This follows from the wording of paragraph 2(4A) Schedule 7 FA 2003, which speaks of the avoidance of liability to tax being the purpose of the arrangements, rather than of it being the end result or effect of the arrangements.
Any other conclusion would lead to anomalous results. Paragraph 2(4A) Schedule 7 FA 2003 does not itself prohibit arrangements that have the avoidance of liability to tax as a main purpose, nor does it seek to undo the effects of the avoidance of the liability to tax. The only effect of paragraph 2(4A) is to deny the availability of group relief from SDLT where a transaction is part of such arrangements.
Thus, where such arrangements would lead to avoidance of liability to tax in a sum that is greater than the SDLT payable, it would still be to the taxpayer’s financial advantage to engage in those arrangements, since the taxpayer would have the benefit of the difference between the amount of SDLT and the amount of tax avoided. The practical effect of paragraph 2(4A) itself is thus simply to disincentivize tax avoidance arrangements that will result in a tax saving that is less than the amount of SDLT payable.
The consequence of this is as follows. If a taxpayer enters into arrangements with the sole purpose of avoiding tax, in the mistaken belief that the arrangements will lead to a tax saving that is significantly greater than the SDLT payable, but in fact the arrangements result in the avoidance of only a minimal amount of tax that is less than the SDLT payable, the taxpayer will lose the benefit of group relief and will be required to pay the SDLT. This will be because the purpose of the arrangements is the avoidance of liability to tax, even if the taxpayer is mistaken about the quantum of tax that will be avoided.

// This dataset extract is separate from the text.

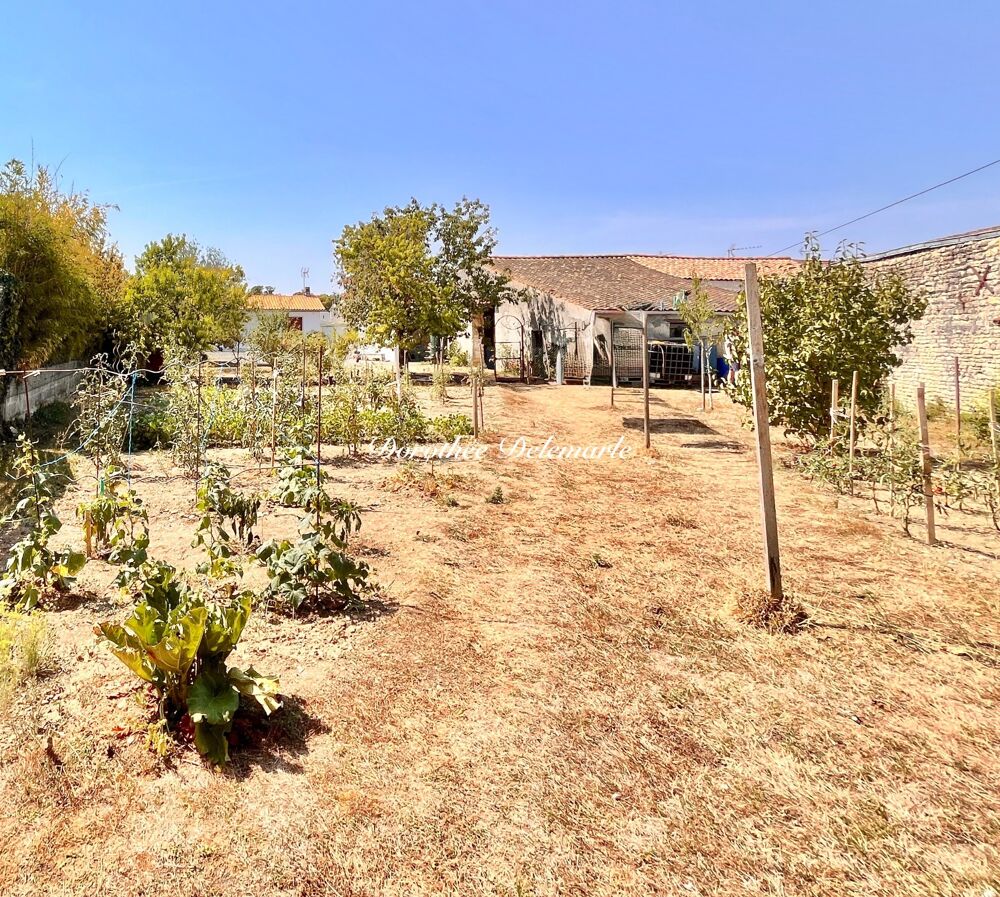 Vente Maison Maison à vendre 9 pièces SAINTE SOULLE (17) Ensemble immobilier rare : deux maisons, grandes dépendances et deux accès Sainte soulle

There is no reason in principle for treating differently a case where a taxpayer has a mistaken belief that the arrangements will lead to a tax saving that is significantly greater than the SDLT payable, but in fact the arrangements do not result in the avoidance of any tax at all. The purpose of the taxpayer in both cases is the same. The difference in the amount of tax avoided in each case (a minimal amount in one case, none in the other) is not such as to justify a difference in treatment between the two cases.
The Tribunal does not accept the Appellant’s argument that there is necessarily a distinction between the purpose of arrangements, and the reason for choosing particular means for giving effect to that purpose. The Appellant gives the hypothetical example of a businessperson who travels from A to B to attend a business meeting, and who decides to travel by rail by a particular circuitous route in the belief that a discount will be offered on all future rail travel for 12 months if the trip is undertaken by that specific route. The Appellant suggests that in this example, the sole purpose of the journey is to attend the business meeting, and obtaining a discount on future travel is merely the reason for choosing a particular means for achieving this purpose. The Tribunal does not consider this to be a valid analysis for purposes of paragraph 2(4A) Schedule 7 FA 2003.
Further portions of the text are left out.